VPPAs Separate Renewable Investments from Energy Procurement, But Require Careful Consideration of Market Factors
Second, because the off-taker does not take physical delivery of the power, the VPPA allows corporations to invest in projects with the best economics, not necessarily those located closest to their load. Further, you won’t have to limit the size of your purchase or navigate the complexity of delivering power to your account, as in a traditional power-purchase agreement, which establishes the VPPA as a go-to lever for purchasing large chunks of power and quickly achieving renewable energy goals. You could conceivably meet a 100% renewable energy goal with one large purchase in Texas, even if your load is centered in Ohio—and you’d certainly make headlines for it.

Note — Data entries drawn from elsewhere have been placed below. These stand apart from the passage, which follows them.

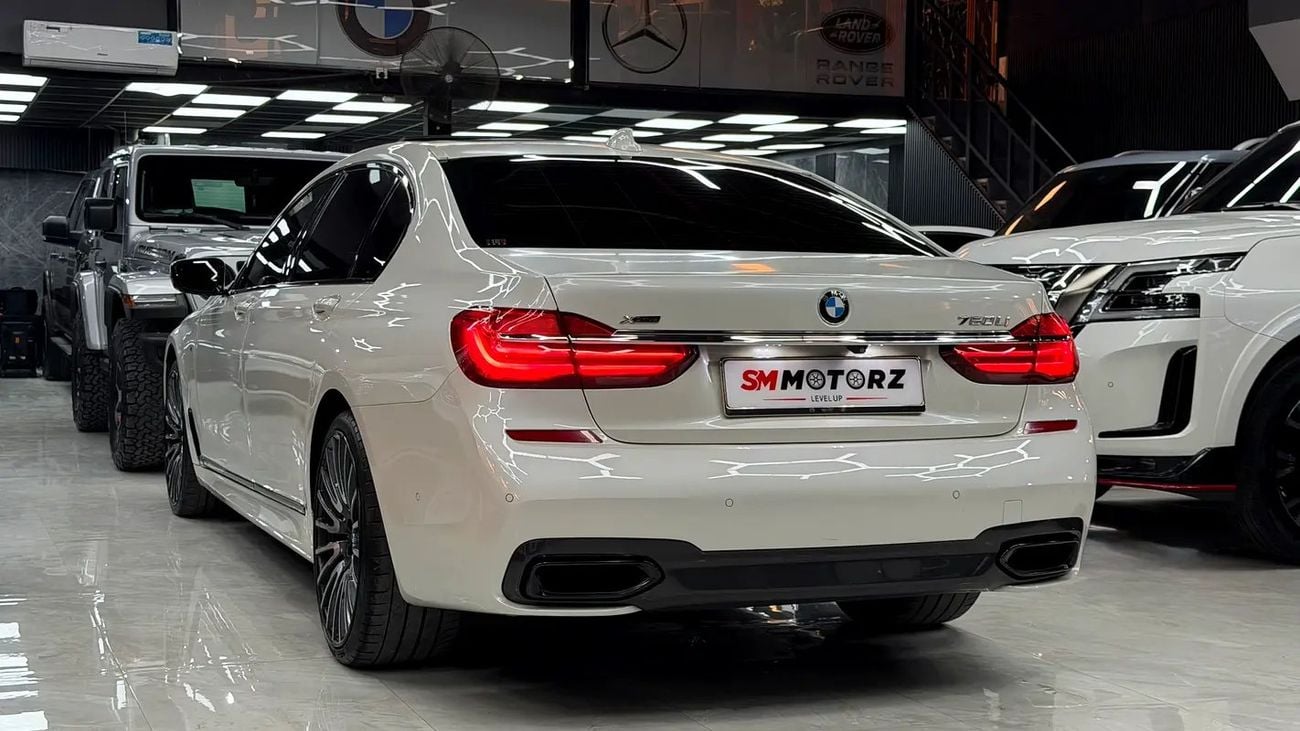 بي أم دبليو 750Li XDRIVE LUXURY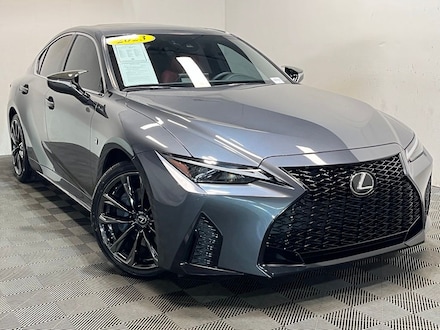 2023 LEXUS IS 350 F Sport Sedan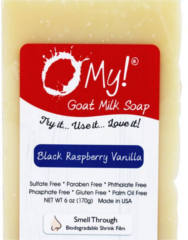 FREE O My! Goat Milk Soap Sample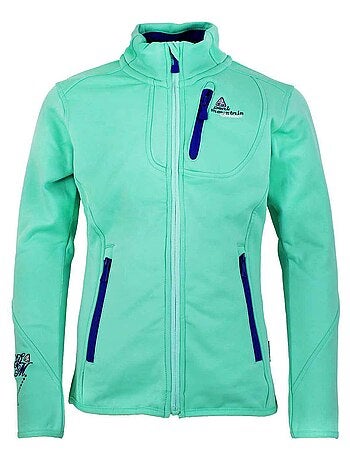 Blouson polarshell fille FAYNUR - PEAK MOUNTAIN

Despite the attractiveness of this kind of “big splash” approach, that kind of move would be a big gamble unless you’ve done the analysis to correlate wholesale market prices in Ohio with those in Texas. While underlying fundamentals like the price of natural gas play a role in guiding the prices in most US electricity markets, many other local factors contribute as well, such as grid rules, transmission and pipeline constraints, large plant retirements, and changes in the supply resources mix of coal, nuclear, natural gas, and renewables. Because these market correlations can change over the term of the VPPA, you should very carefully consider market risks for any investment in a generation facility that exceeds your load in the same market.
VPPAs Are a Good Way to Ensure Additionality—But Will They Always Be?
Finally, for organizations that require additionality in their approach to renewables, VPPAs provide a fixed rate of return for new wind and solar projects which would otherwise not get financed and built. As corporate renewable energy procurement pioneers like Google have stated, their position as a VPPA counterparty enables their projects to get off the ground, thus adding to the installed base of renewable energy on the grid near their facilities. This theme continues to resonate as organizations pursue their first large renewable power contracts.
But as sourcing renewables becomes more and more ubiquitous, and numerous buyers seek offtake from developers’ projects, it will become harder to prove the additionality caused by any single company’s actions.
The virtual PPA model has certainly been a boon to renewable energy projects in need of customers, and a useful structure for enterprises to secure clean energy. Last year, three out of four off-site wind and solar PPA deals announced by RMI’s BRC members were virtual. Together with a balanced portfolio of demand-side management, on-site generation, traditional PPAs, and ownership of off-site renewables (and, yes, renewable energy certificates), virtual PPAs will continue to allow corporations to achieve audacious renewable energy goals. But exactly how big of a role the virtual PPA should play in your organization’s strategy depends on your ability and desire to manage risk.